Task goal: Reproduce only this range: the line holding "Inventory clerk inspecting" through the last line of the data below, both included, exactly, with no pictures.

Exercise data:
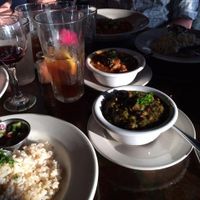 spinach dish and eggplant dish with brown rice at Sage Vegetarian Cafe in Chapel Hill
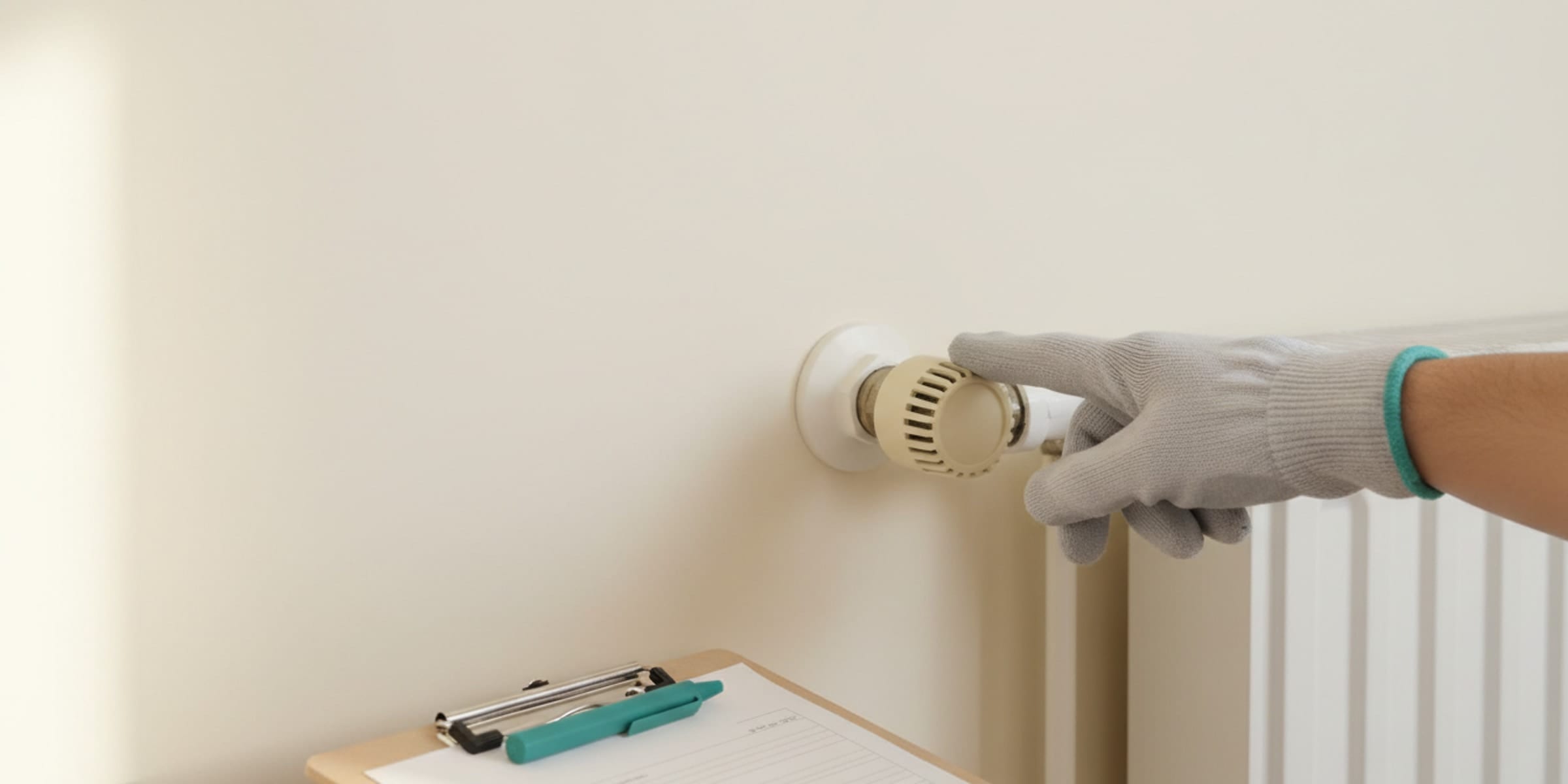 Inventory clerk inspecting radiator valve during property inspection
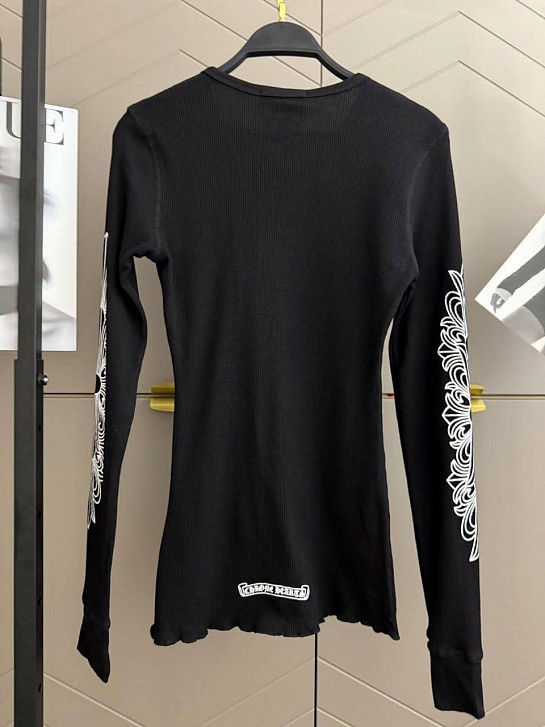 Чёрный женский лонгслив Chrome Hearts premium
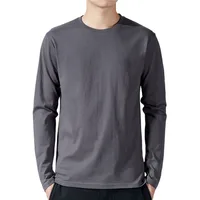 T-shirt en coton à manches longues pour hommes, maillot de corps monochrome, vêtements pour documents, printemps et automne 1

Response:
 Inventory clerk inspecting radiator valve during property inspection
 Чёрный женский лонгслив Chrome Hearts premium
 T-shirt en coton à manches longues pour hommes, maillot de corps monochrome, vêtements pour documents, printemps et automne 1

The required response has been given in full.